Commodity Classic Trade Show Features 360+ Exhibitors; Wide Array of Equipment, Technology & Innovation
(Posted January 11th 2018 @ 9:10 AM by: Beth Musgrove)
NOTE TO EDITORS/NEWS DIRECTORS Audio cuts are included with this release. See suggested intros and transcript at the end of the release.
A photo and cutline are also included with this release.
ST. LOUIS, MO (January 11, 2018)—With a trade show featuring more than 360 exhibitors commanding nearly 2,000 booth spaces, Commodity Classic attendees are strongly encouraged to wear comfortable shoes!
The 2018 Commodity Classic, the nation’s largest farmer-led, farmer-focused convention and trade show, will be held Feb. 27-March 1 in Anaheim, Calif.

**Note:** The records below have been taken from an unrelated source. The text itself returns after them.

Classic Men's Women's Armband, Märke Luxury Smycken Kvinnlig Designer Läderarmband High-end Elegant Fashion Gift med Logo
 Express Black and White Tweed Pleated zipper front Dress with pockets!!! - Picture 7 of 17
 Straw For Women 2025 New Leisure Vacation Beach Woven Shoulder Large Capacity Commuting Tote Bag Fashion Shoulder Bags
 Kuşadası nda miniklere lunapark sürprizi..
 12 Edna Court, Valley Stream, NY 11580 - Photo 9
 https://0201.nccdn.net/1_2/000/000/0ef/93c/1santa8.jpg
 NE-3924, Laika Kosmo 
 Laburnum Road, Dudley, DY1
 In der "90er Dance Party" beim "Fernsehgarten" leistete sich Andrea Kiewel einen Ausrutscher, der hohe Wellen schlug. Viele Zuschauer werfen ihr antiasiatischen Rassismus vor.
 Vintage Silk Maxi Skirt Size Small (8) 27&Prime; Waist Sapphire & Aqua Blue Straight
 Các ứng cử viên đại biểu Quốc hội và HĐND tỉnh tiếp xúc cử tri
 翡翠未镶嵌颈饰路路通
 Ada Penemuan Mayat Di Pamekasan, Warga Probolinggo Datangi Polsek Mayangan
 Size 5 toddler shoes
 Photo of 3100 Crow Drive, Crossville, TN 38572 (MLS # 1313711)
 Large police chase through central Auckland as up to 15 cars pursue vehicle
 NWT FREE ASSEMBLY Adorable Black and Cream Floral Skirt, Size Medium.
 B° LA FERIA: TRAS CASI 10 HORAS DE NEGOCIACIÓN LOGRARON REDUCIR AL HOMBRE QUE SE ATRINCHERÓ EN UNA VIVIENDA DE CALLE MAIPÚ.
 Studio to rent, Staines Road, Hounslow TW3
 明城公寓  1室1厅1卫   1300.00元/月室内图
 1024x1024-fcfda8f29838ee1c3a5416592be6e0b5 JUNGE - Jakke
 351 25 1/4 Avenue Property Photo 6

The trade show is open all three days.
“The farmers who attend Commodity Classic are aggressively pursuing in making their farms even better,” said Gerry Hayden, a Kentucky farmer and co-chair of the 2018 Commodity Classic. “That quality of farmer encourages exhibitors to staff their booths with knowledgeable people who can answer challenging questions. It’s really about getting the best of the best together.”
While many of the world’s leading agribusiness companies are on site, so are scores of smaller exhibitors offering a wide range of technology, equipment and innovation. “I think of it as ‘density’—and I’m not just talking about wheel-to-wheel equipment,” said Paul Taylor, an Illinois farmer and co-chair of the 2018 Commodity Classic. “I’m talking about density of knowledge from the presenters and the folks who exhibit. This is a high-quality show, where people can get answers and take a look at some things that might be new to them.”
Admission to the trade show is included with the registration fee. Complimentary hot buffet meals on the trade show floor are included with registration. The trade show also includes the Main Stage with a robust schedule of educational programming. A kids’ activity area is also located inside the trade show. The nation’s top ag media will have a private preview prior to the opening of the trade show.
The trade show is just one of the many reasons to attend Commodity Classic. Commodity Classic offers a wide range of educational sessions including Learning Centers, What’s New Sessions, Mini What’s New Sessions, the General Session and Early Riser Sessions. Commodity Classic also includes entertainment and the opportunity to network with thousands of America’s best farmers.
Detailed information on all educational sessions and the entire Commodity Classic schedule are available at www.commodityclassic.com. Online registration and housing are also available on the website.
Established in 1996, Commodity Classic is produced by the National Corn Growers Association, American Soybean Association, National Association of Wheat Growers, National Sorghum Producers, and Association of Equipment Manufacturers.
CUTLINE FOR PHOTO
The trade show at the 2018 Commodity Classic in Anaheim will feature hundreds of exhibitors large and small, each showcasing the latest technology, equipment and innovation.
Gerry Hayden, a Kentucky farmer and co-chair of the 2018 Commodity Classic, said the trade show connects curious farmers with the people who can answer their questions:
The caliber of people that go to Classic are the producers that are really interested, that are really aggressive. They know that each one of these booths has a person that is understanding and knowledgeable on what they’re trying to sell or produce; so it’s when the best of the best get together.
I think of it as density, and I'm not talking about equipment parts, wheel to wheel. I'm talking about density of knowledge from the presenters, from the folks that are out the show. This is just a really high-quality show, where people can get answers and take a look at some things that might be new to them.
Paul Taylor, an Illinois farmer and co-chair of the 2018 Commodity Classic, says the quality of farmers at Commodity Classic encourages exhibitors to bring their best people:
This tradeshow is not a group of tire kickers. This is folks that come, they're important decision-makers in the ag world and decision makers on their farm. As a consequence, agribusiness folks bring the people to help answer those important questions, especially with newer technology.